***** Input data *****
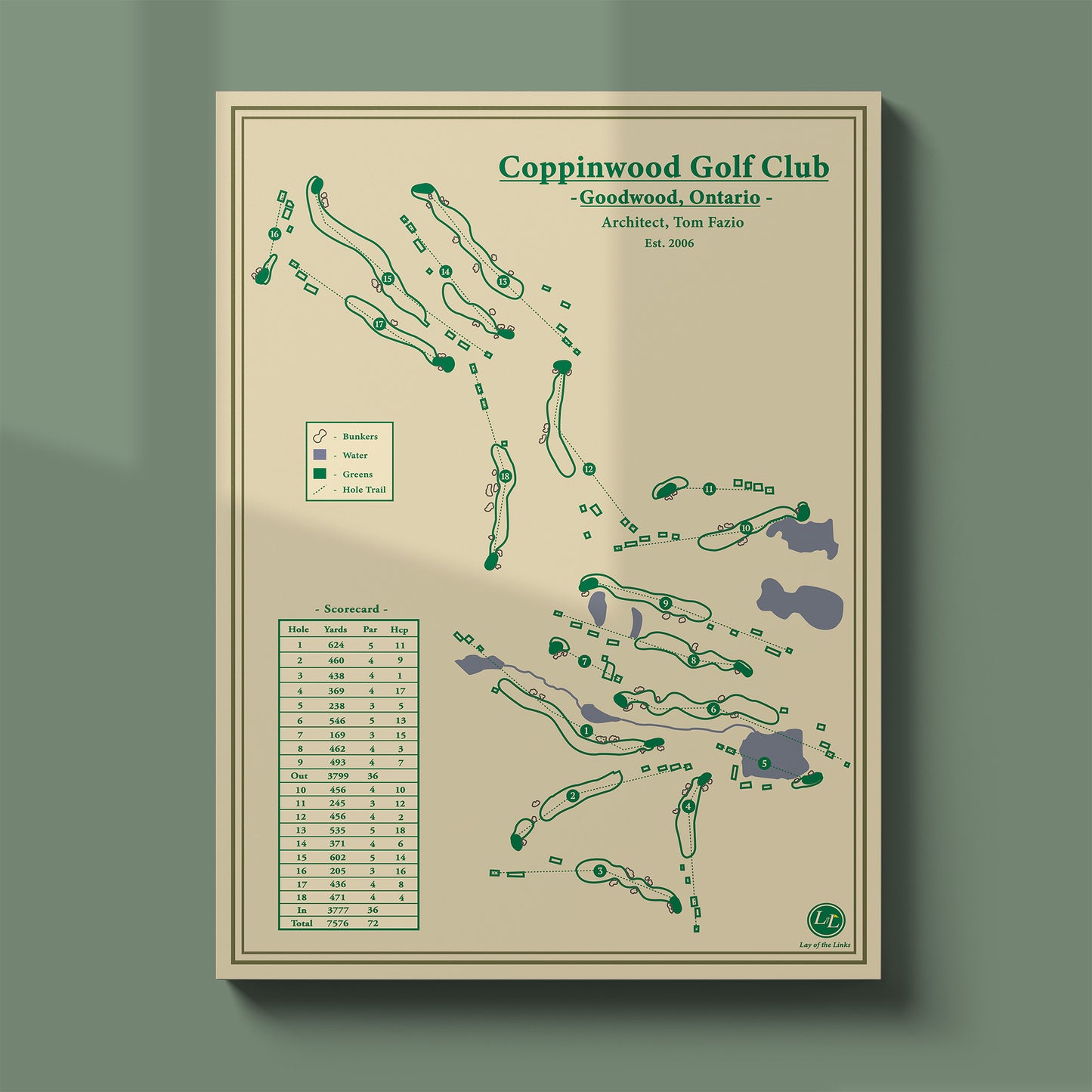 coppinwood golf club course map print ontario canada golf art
*****
***** Input data *****
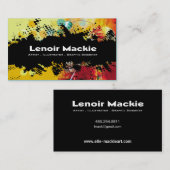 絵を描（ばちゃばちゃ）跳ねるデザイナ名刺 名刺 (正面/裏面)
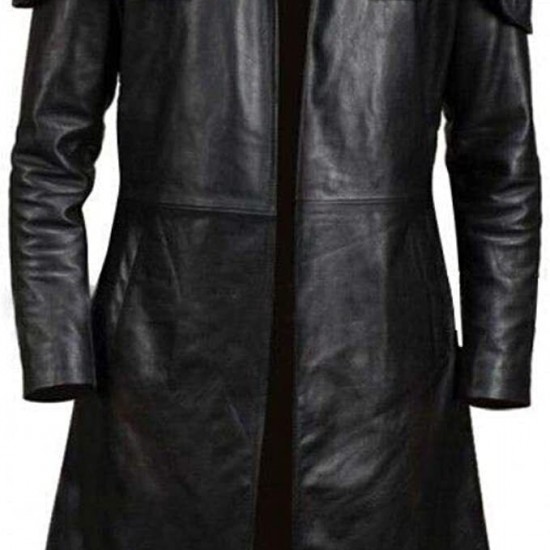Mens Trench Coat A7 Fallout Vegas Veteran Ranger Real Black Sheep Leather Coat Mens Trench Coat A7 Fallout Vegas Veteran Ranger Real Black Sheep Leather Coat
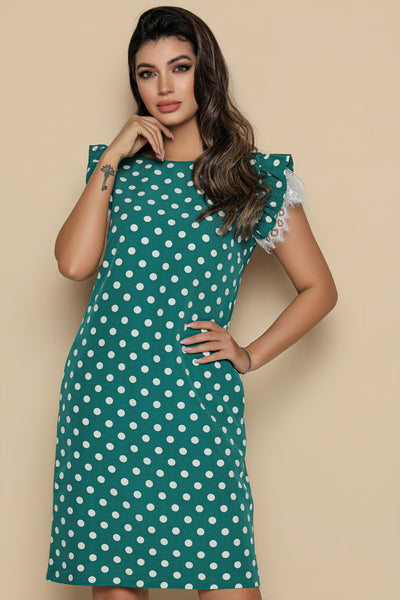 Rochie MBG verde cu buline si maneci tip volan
*****
Would you copy out, exactly and with no pictures, only the lines above from the one that contains "Leather Coat Mens" through the one that contains "Rochie MBG verde"?

Mens Trench Coat A7 Fallout Vegas Veteran Ranger Real Black Sheep Leather Coat Mens Trench Coat A7 Fallout Vegas Veteran Ranger Real Black Sheep Leather Coat
 Rochie MBG verde cu buline si maneci tip volan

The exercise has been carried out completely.